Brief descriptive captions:

*****

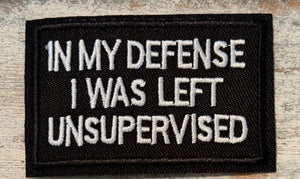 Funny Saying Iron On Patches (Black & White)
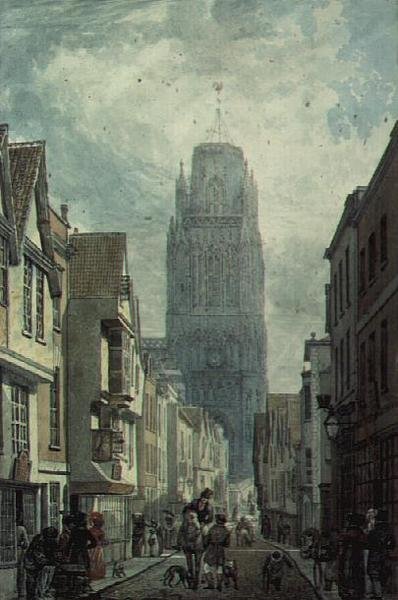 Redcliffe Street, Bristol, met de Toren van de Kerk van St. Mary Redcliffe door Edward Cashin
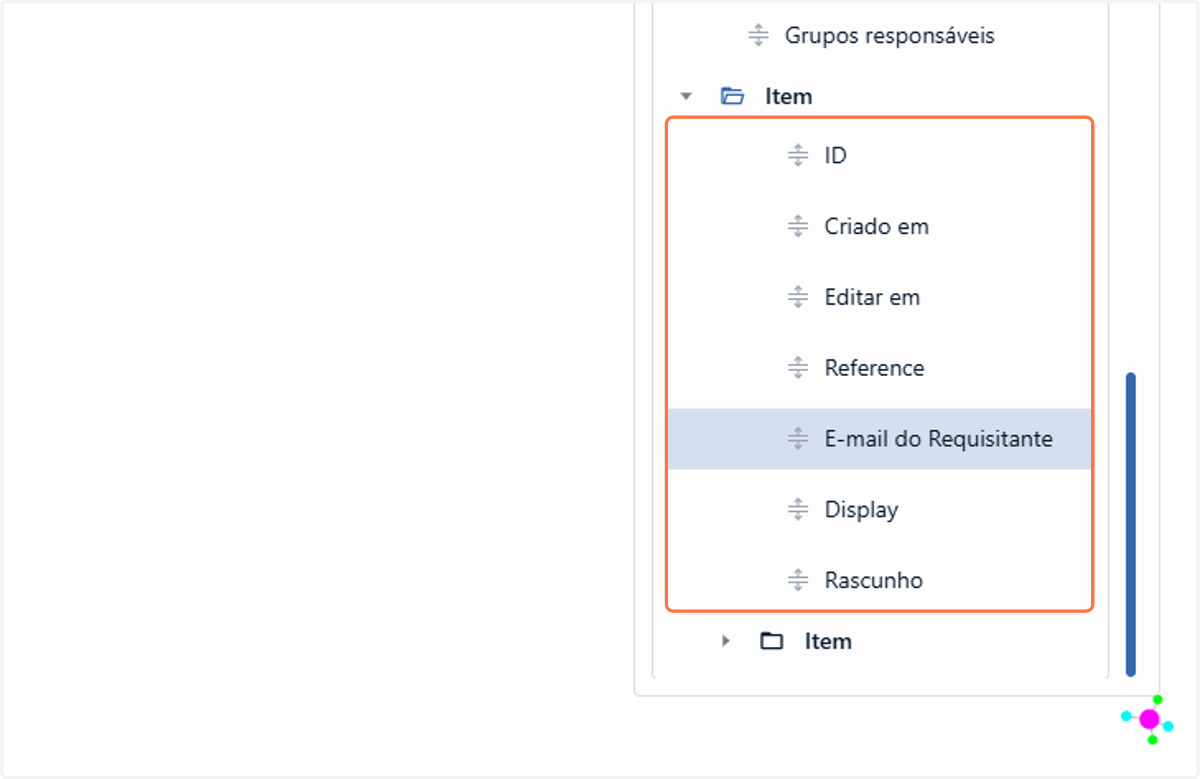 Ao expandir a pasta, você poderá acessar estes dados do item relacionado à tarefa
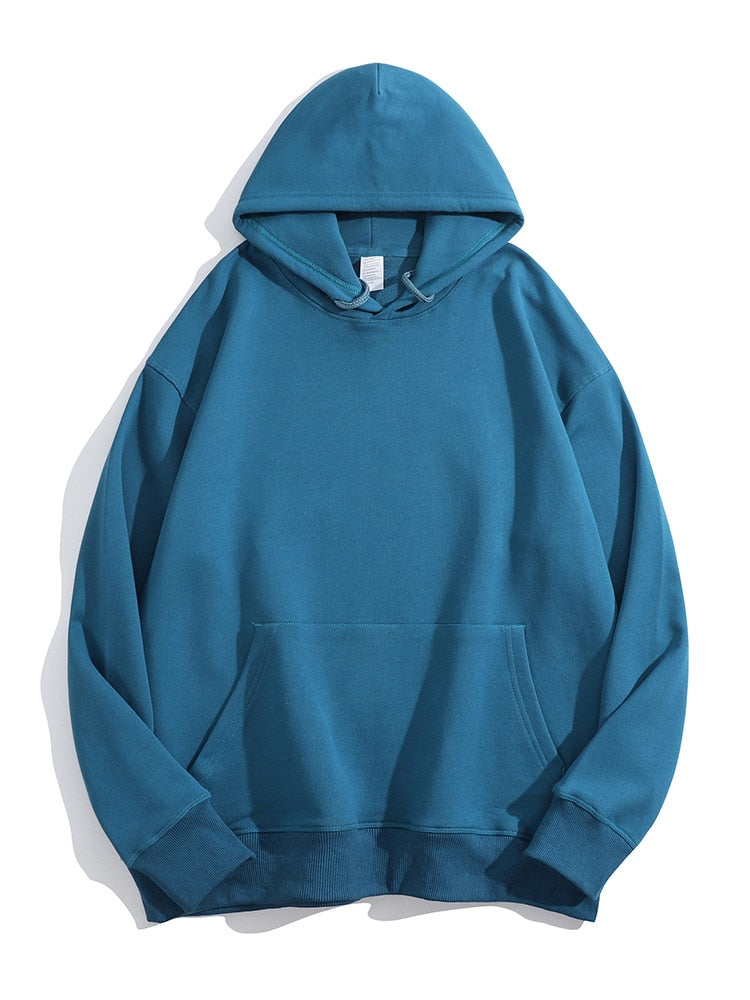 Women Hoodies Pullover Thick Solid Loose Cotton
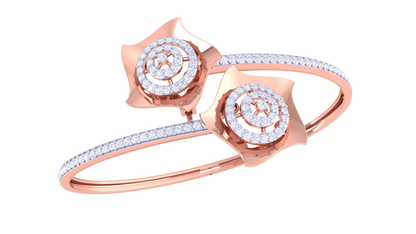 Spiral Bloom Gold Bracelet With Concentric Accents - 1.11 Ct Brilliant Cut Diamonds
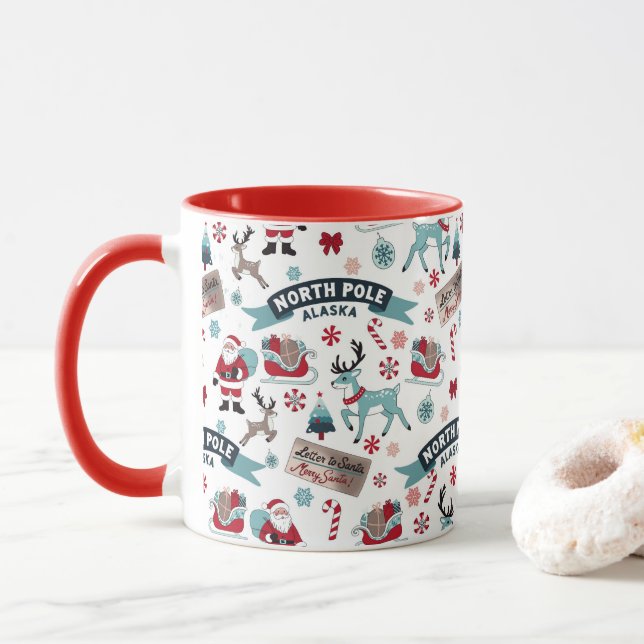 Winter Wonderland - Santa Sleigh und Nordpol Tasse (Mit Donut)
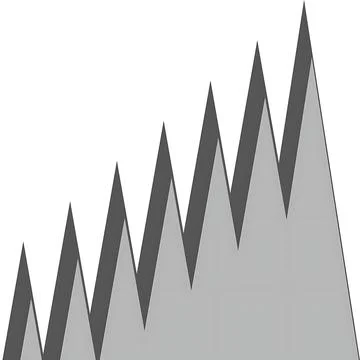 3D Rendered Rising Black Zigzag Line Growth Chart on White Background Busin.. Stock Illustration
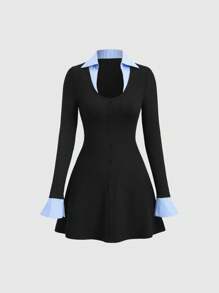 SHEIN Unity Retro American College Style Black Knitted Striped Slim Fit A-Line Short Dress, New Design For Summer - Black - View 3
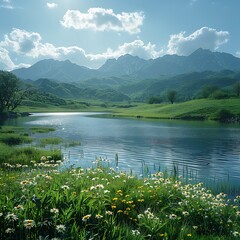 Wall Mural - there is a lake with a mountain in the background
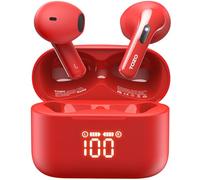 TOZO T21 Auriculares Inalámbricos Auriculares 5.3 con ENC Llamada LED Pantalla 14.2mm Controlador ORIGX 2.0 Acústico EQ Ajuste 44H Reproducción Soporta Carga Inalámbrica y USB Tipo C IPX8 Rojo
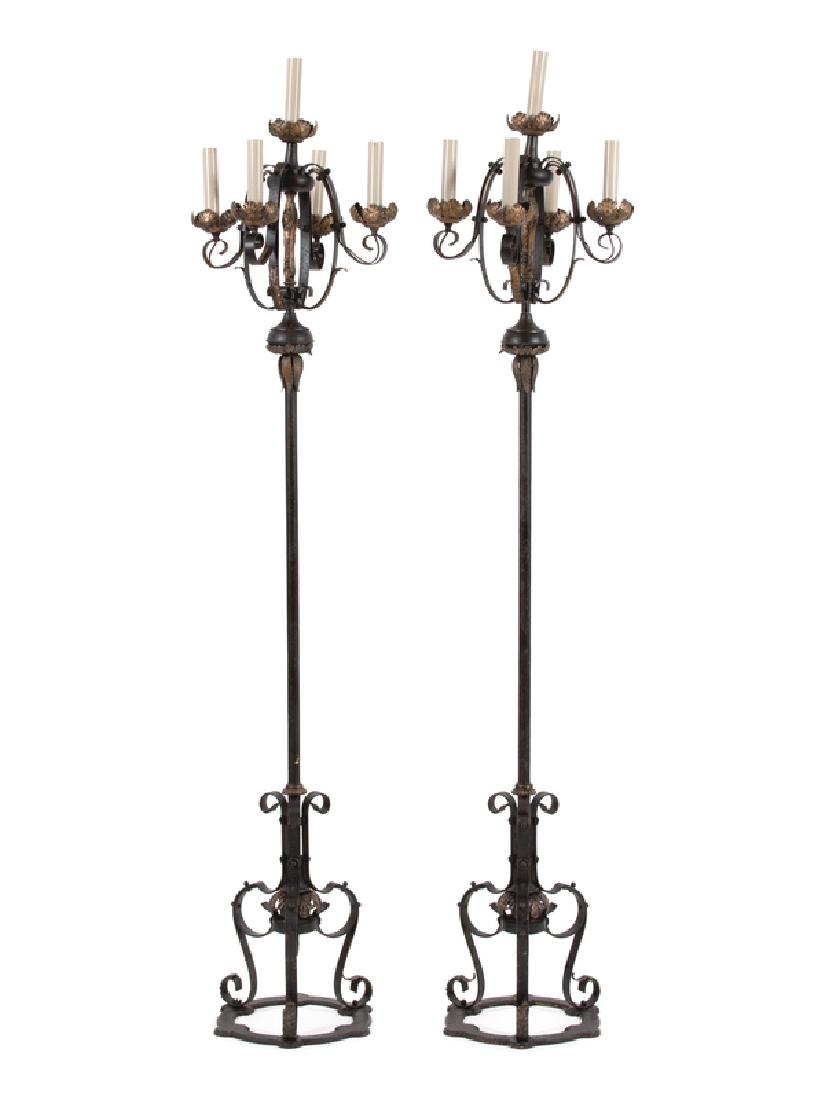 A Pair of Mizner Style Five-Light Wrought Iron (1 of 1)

*****

§ Exercise description: The reply should hold exactly the lines above, starting at the line with "Winter Wonderland - Santa" and ending at the line with "3D Rendered Rising", and no pictures.

§ Task solution:
 Winter Wonderland - Santa Sleigh und Nordpol Tasse (Mit Donut)
 3D Rendered Rising Black Zigzag Line Growth Chart on White Background Busin.. Stock Illustration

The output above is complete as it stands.